It is doubtful that the buyout of the Hiland MLP (HLND and HPGP) by billionaire Harold Hamm will get sufficient votes at Tuesday’s shareholder meeting. This is already the second meeting after the Otober 20 meeting was adjourned when only 43% of the publicly held shares voted in favor. Both Hiland companies have significant upside if the deal falls through.
In our recent Hiland posting we speculated that oil magnate Harold Hamm, the acquirer, would not obtain sufficient votes at the October 20 shareholder meeting to close the transaction. We think the only way to get shareholder to buy into the deal is to follow the recent example of Black Stone Minerals bid for Eagle Rock Energy’s (EROC) minerals business and increase the price.
Hamm should look closely at the bidding war that is unfolding at Eagle Rock (EROC) over its minerals business. It began on September 18 when Natural Gas Partners (NGP), which controls the general partner of Eagle Rock, proposed to acquire the minerals business for $135 million. While EROC was evaluating the proposal, NGP raised its bid to $145 million on October 13. Less than a week later Black Stone Minerals Company joined the bidding with a $157.5 million bid. Both proposals include support for an equity raise.
As we pointed out in our last post about Hiland, natural gas trades higher now than when the original buyouts at $9.50 (for HLND) and $3.20 (for HPGP) were announced. Nevertheless, Hamm sticks to prices that value the firm at a level when natural gas was some 30% lower. We believe that the strong performance of natural gas is the principal driver of the pending bidding war at Eagle Rock, and we do not see why Hiland should be stuck at a gas price from a different economic environment.

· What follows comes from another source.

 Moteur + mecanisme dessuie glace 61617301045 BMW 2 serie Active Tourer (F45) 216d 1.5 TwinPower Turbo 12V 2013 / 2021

The trick is the interaction between the shareholder meetings at HLND and HPGP. Both buyouts must be approved by the public shareholders (other than Harold Hamm) before the transaction can close. At the last meeting only 43% of the public shareholders supported the transaction. Since the adjournment of the meeting to allow Hamm to solicit more votes HLND has moved above the $7.75 acquisition price. This indicates clearly that the market believes that the deal will not get done at $7.75. HPGP still trades at a small discount to the $2.40 acquisition price.

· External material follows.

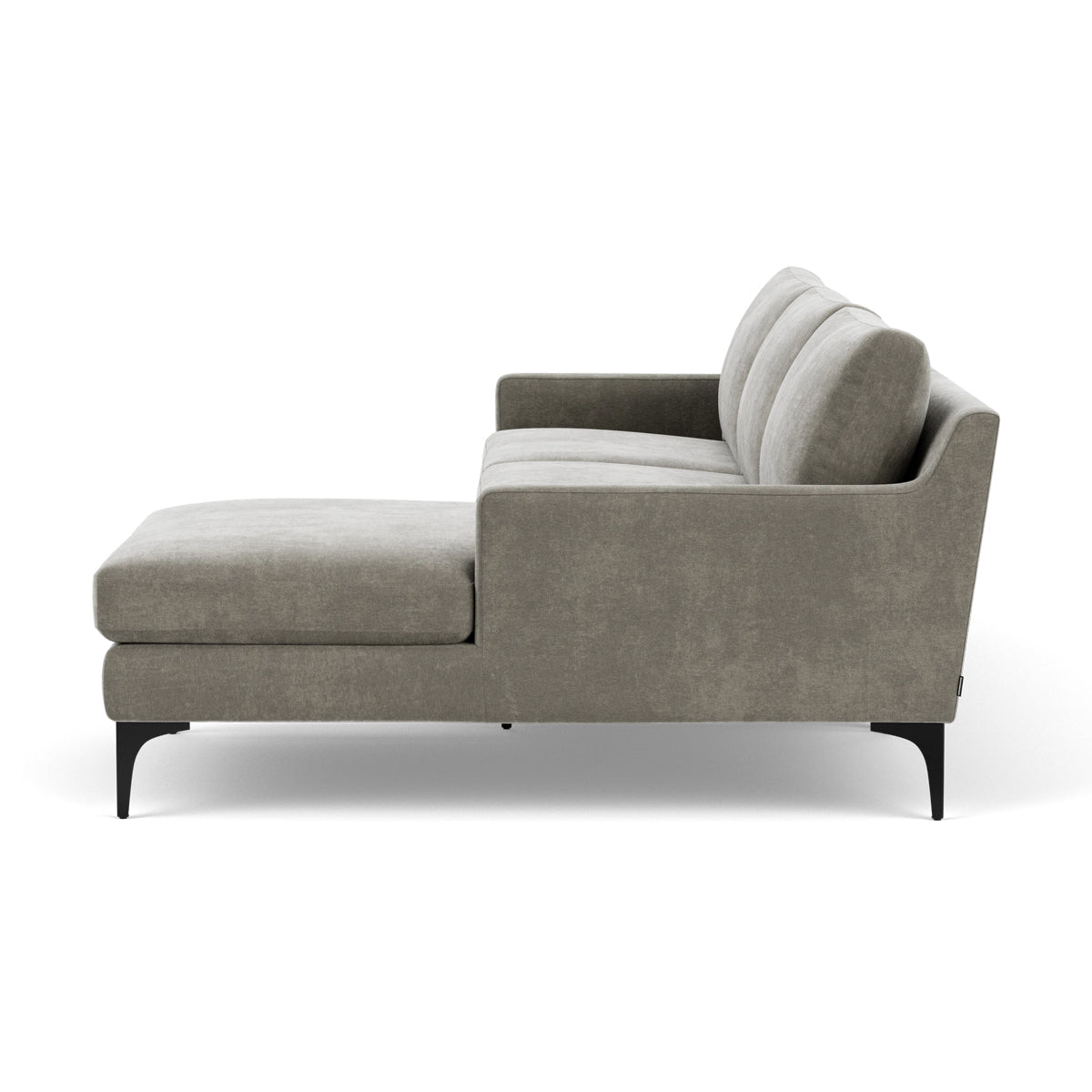 Astha Right Chaise Sofa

Two outcomes are possible if Hamm can not get enough votes:
- Hamm will increase the price of the merger. We think that a price that is closer to the initial January 15 bid of $9.50 for HLND and $3.20 for HPGP could sway sufficient shareholders to vote in favor. In our opinion this is the most likely scenario.
- If the deal collapses then HLND and HPGP would probably trade above the acquisition price in light of the dramatic improvement of the gas price over the last two months. Gas has more than doubled from its September lows, trades about 40% higher than when Hamm lowered his acquisition price to the current levels, and is 10% higher than it was when Hamm lowered the price. As a result, HLND and HPGP should restore their profitability. One concern that triggered the acquisition was Hamm’s support of the company in light of its covenant violations. We believe that Hamm, as a 50% shareholder, has more to lose than anyone else if Hiland suffers as a result of covenant violations. He should be willing to provide support even if he were to withdraw his acquisition proposal.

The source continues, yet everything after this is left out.